When then-Governor Pedro Rosselló[x] announced the plan to sell a controlling stake in the phone company to a consortium including GTE, Banco Popular of Puerto Rico and an employee ESOP plan, 6,000 telephone company workers went on strike to protest in an attempt to stop the deal.[xi] Ultimately, 50 unions representing 300,000 public employees and others joined the telephone workers and staged a two-day general strike to protest the sale. The acquiring consortium ultimately gained a 53% percent stake.[xii]

Once the Corpus Account had been established, it was managed by Puerto Rico’s Infrastructure Financing Authority (PRIFA), a wholly owned subsidiary of the GDB.[xiii] According to Act No. 92, the Corpus Account’s principal was to be kept in a “segregated, permanent account” and should “never be reduced for any reason.”[xiv] Moreover, the account’s $1.2 billion was to be invested safely and “exclusively in U.S. government or U.S. government-backed obligations.”[xv]

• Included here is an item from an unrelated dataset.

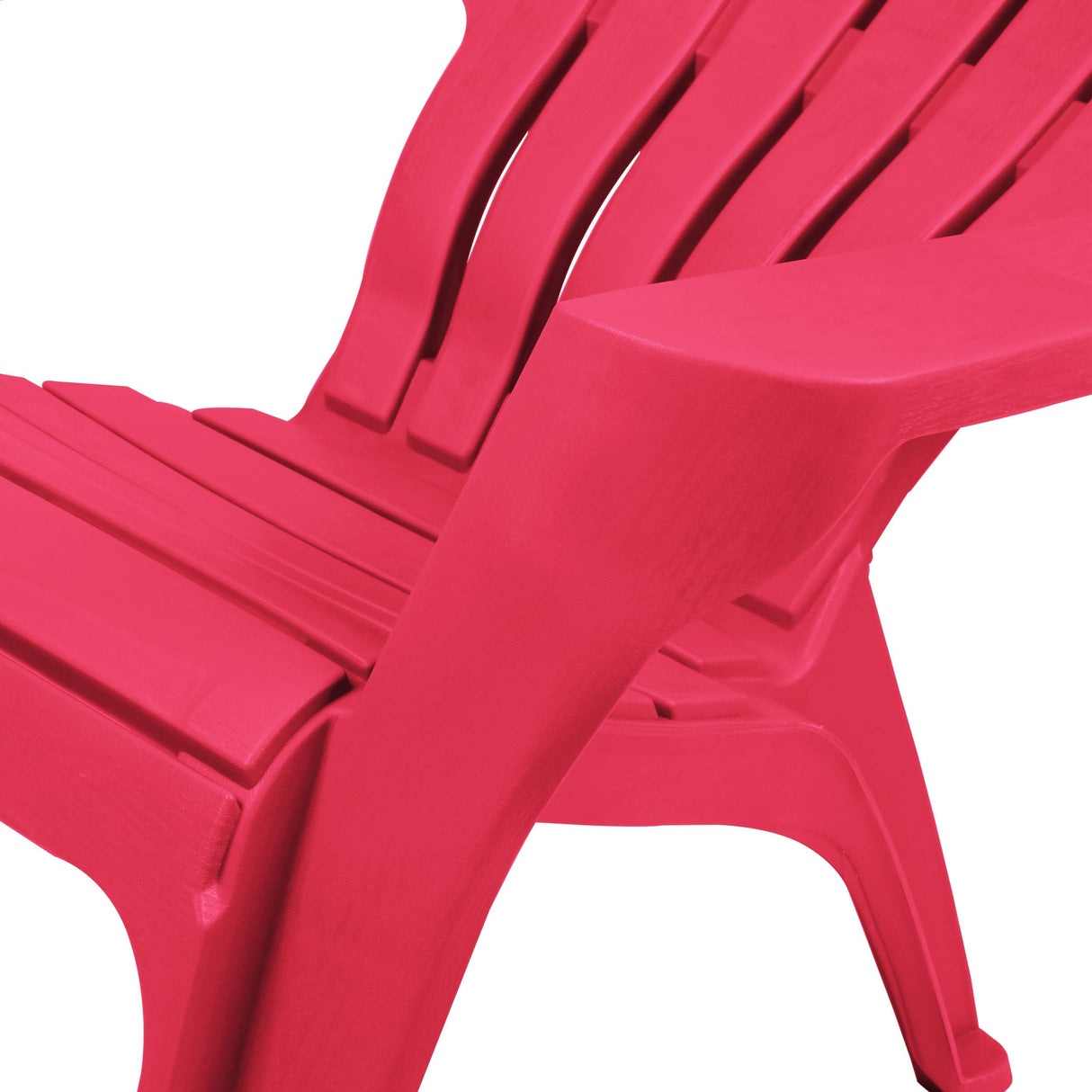 Silla Adirondack Plástica Red Home Logics 1 un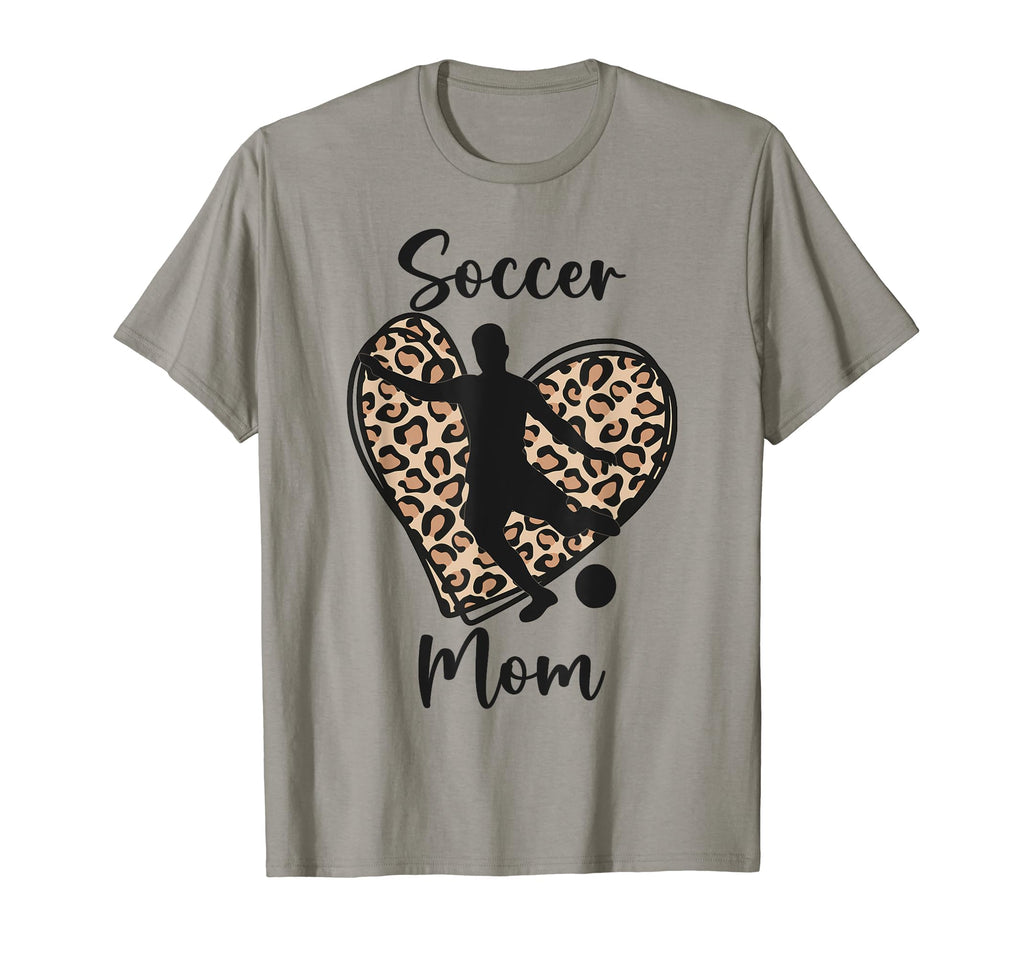 Soccer Mom Soccer Sport Lover Mothers T-Shirt - Fun Novelty Design Unisex - T-Shirt, Sweatshirt, Hoodie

Having established the Corpus Account from the proceeds of the phone company sale, PRIFA issued $1.093 billion of bonds in October 2000, secured by the interest earned on the Corpus Account. Santander helped underwrite these bonds through a cooperation agreement with Merrill Lynch, along with ten other banks.[xvi] The bond issue’s official statement noted that that the interest received from the Corpus Account’s investments would “be sufficient to pay when due the principal of, and interest on, the 2000 Series Bonds.”[xvii] Proceeds from the bond issue went to fund PRASA projects throughout Puerto Rico, consistent with the mission of the Corpus Account.

Over the next eight years, investment income from the Corpus Account was applied to pay principal and interest on the 2000 Series Bonds. Most of the bonds, which carried interest rates between 4.1% and 5.5%, were set to mature in 25 to 40 years with about 5% of the bond principal tied to variable interest rates. As these bonds were paid off, the $1 billion in the Corpus Fund was intended to secure borrowing for additional water and sewer projects.[xviii]

Meanwhile, the privatization of the phone company proved very profitable for the private investors. The lead investor, GTE merged with Bell Atlantic to become Verizon, which sold its 52% stake in the Puerto Rican telephone company to Carlos Slim’s America Movil in 2007 for $980 million, booking a pre-tax gain of $120 million.[xix]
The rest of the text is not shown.